The evangelically driven Welby said, "We want a world won for Christ. We should be those who worship witness, mission and evangelize as our aims and passion and we must be wise and full of the Holy Spirit."
Welby acknowledged tensions in the communion and said difficulties come from within the church and outside of it. "Many divisions within the church today were present at the time of Acts of the Apostles and the most important decision at that time was that of race."
Citing the Book of Acts but clearly referencing the state of the Anglican Communion, Welby said we should be a "Community of generosity, be more open hearted." He added that it is dangerous for one group to take advantage and to seek to gain at the expense of others.

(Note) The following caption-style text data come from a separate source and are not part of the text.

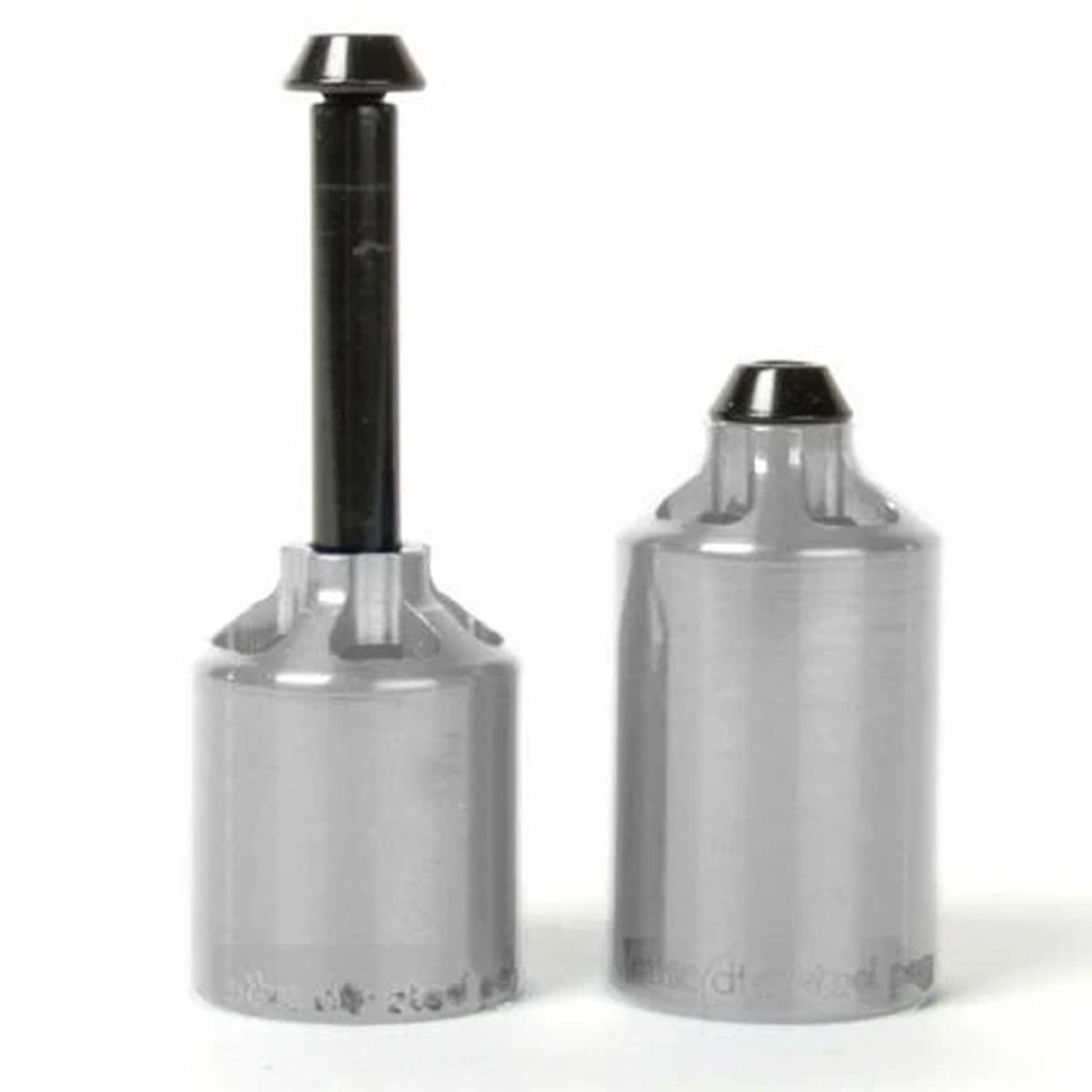 An image of Ethic DTC Steel Stunt Scooter Pegs - Polished Chrome Silver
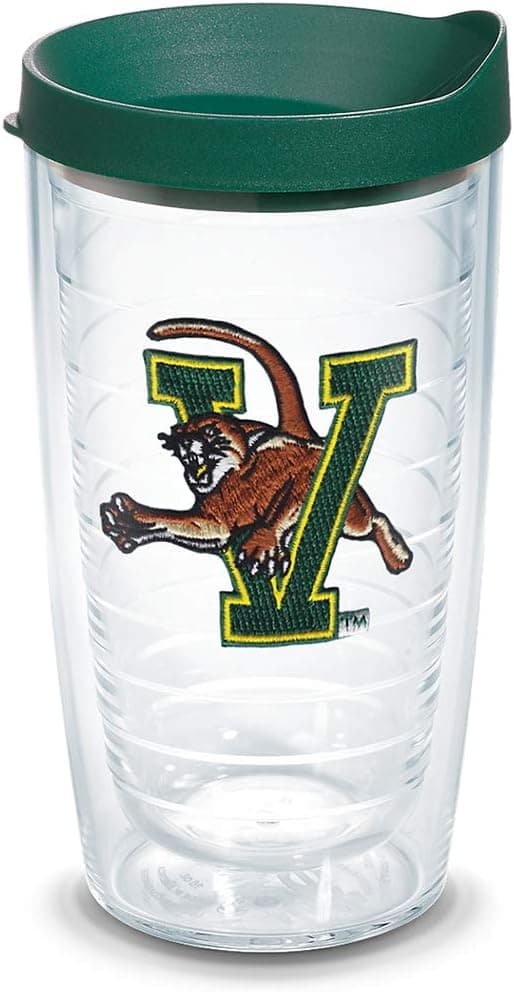 Tervis Vermont Catamounts Tumbler with Emblem and Hunter Green Lid 16oz, Clear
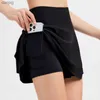 Skirts Women Tennis Skirt Shorts With Pocket Double Layer Running Athletic Skorts High Waisted Culottes Workout Sports Skirts Y240508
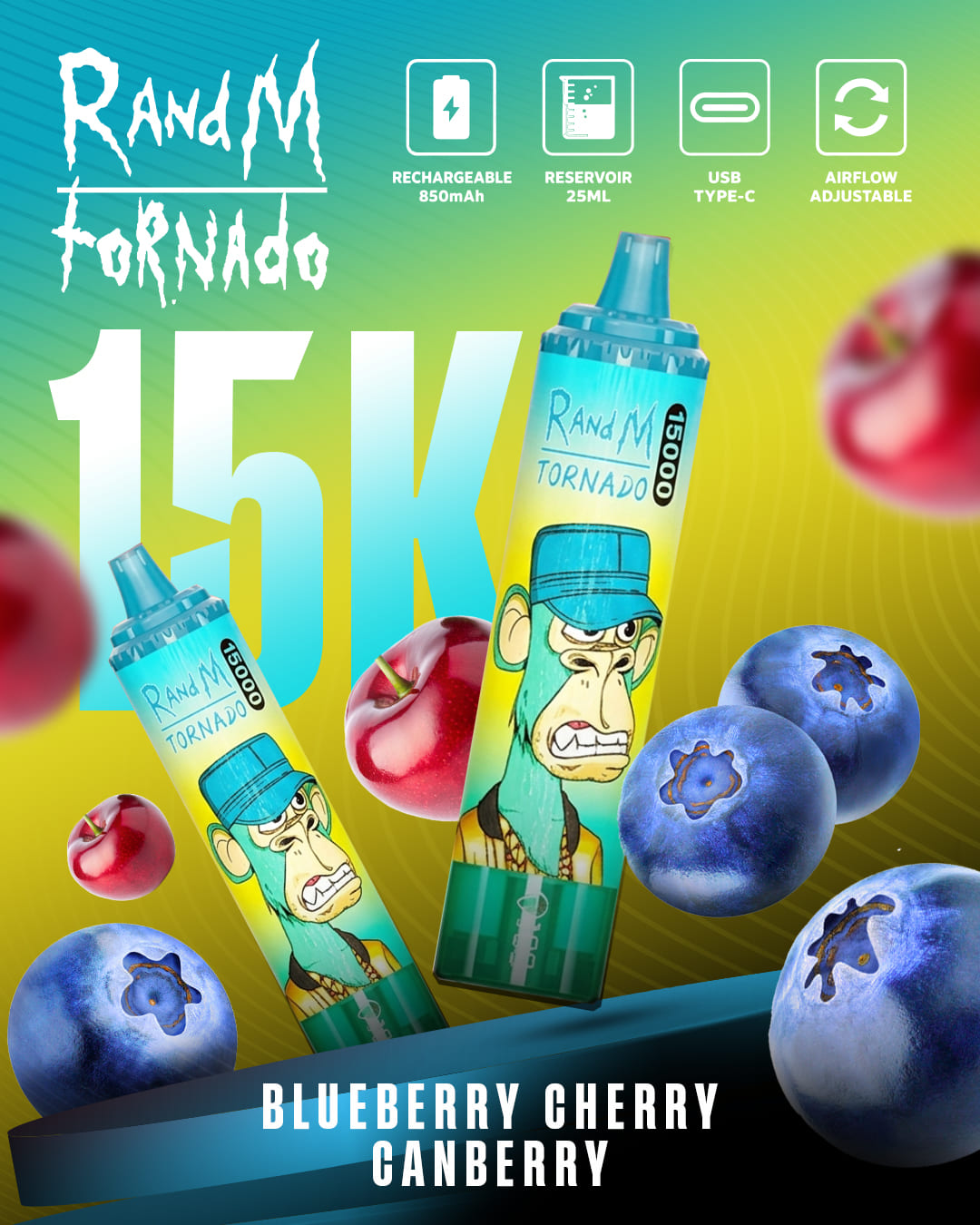 Tornado Vape 15000 - Blueberry Cherry Cranberry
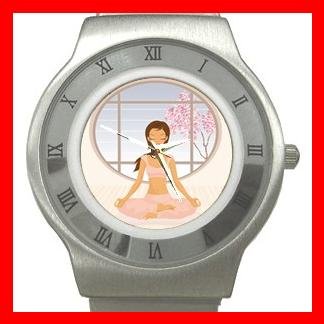Yoga Girl Gym Sports Game Stainless Steel Wrist Watch Unisex 036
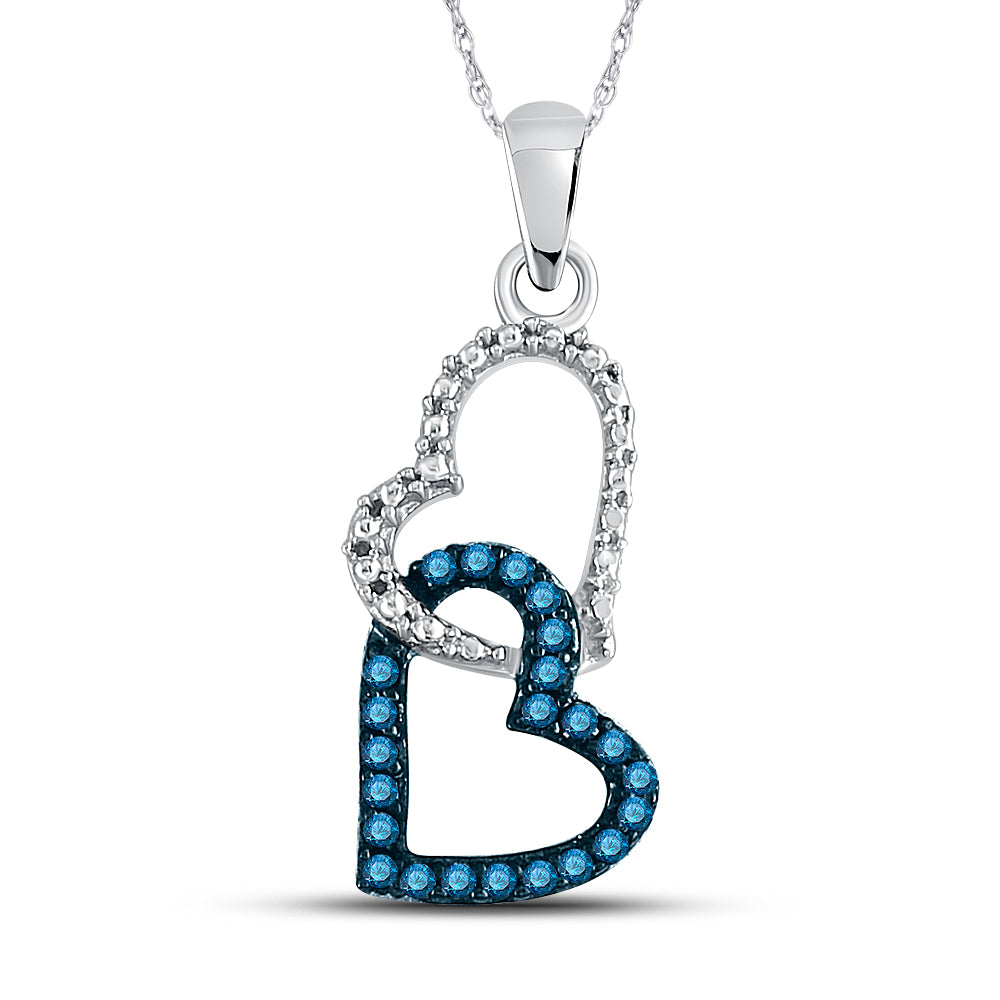 10kt White Gold Women's Blue Color Enhanced Diamond Double Heart Dangle Pendant 1/6 ctw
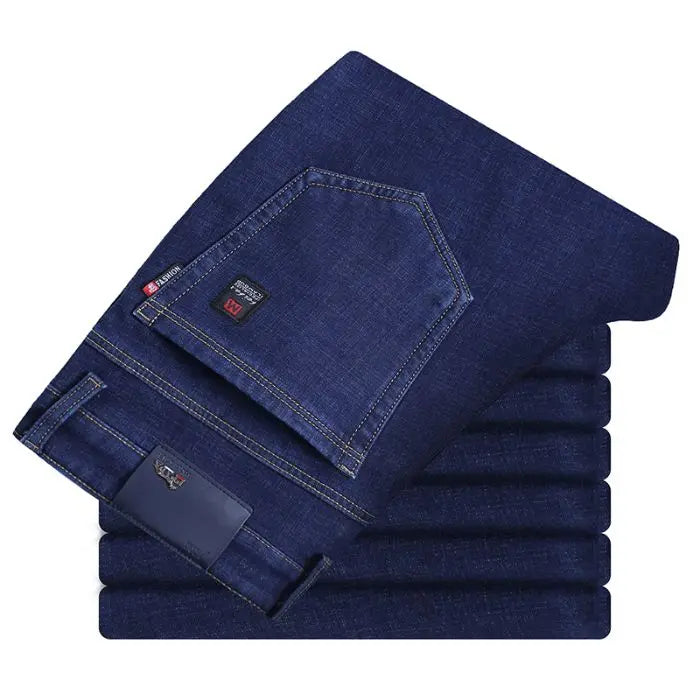 Autumn and Winter New Male Business Casual Stretch Trousers Concise Blue Denim Pants Men's Loose Straight Jeans Jeans for Man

He said the danger is of one set of families being more favorably treated than others. Favoritism can be based on relationships, family and corruption. "It happens today in the global community and in our church." Welby noted that we are all sinners.
"The Bible must be at the heart of every part of our Christian walk with Jesus. We must pray for a common vision that has its own application in each place. Reading the Scriptures but not obeying it disgraces it. We must settle our differences in way that points to Jesus. Differences will always exist, how we deal with them is clear in scripture and church history. The Church has seldom obeyed scripture."
Welby then called for new structures in the Anglican Communion. "Issues that divide us are simple at one time and at another time complicated. We must find a new way of being together...of being a communion."
When VOL asked at a press conference if Archbishop Welby indicated he would recognize FCA GAFCON as one such structure, the Southern Cone Presiding Bishop Tito Zavala said structures are not the right way to look at ourselves. We need new ways of being together. He said he saw the issue as a way of "being together" as a fellowship and a gathering.
The Kenyan Archbishop said the model is the East African Revival which he described as a "fire and flame to the people."
Asked by an African reporter if the cracks in the communion were narrowing or widening, Wabukala said Anglican churches were independent provinces held together by love and affection. "We must be loyal to what the bible is teaching." He said GAFCON is now the center of Anglicanism.
Asked if the crisis in the communion could see a split, Wabukala said the Anglican Communion is no longer in crisis. "We have moved on for people. It is how we are going to move people tobelieve in Jesus Christ. For us the crisis is behind us, there is a wider agenda in converting the world."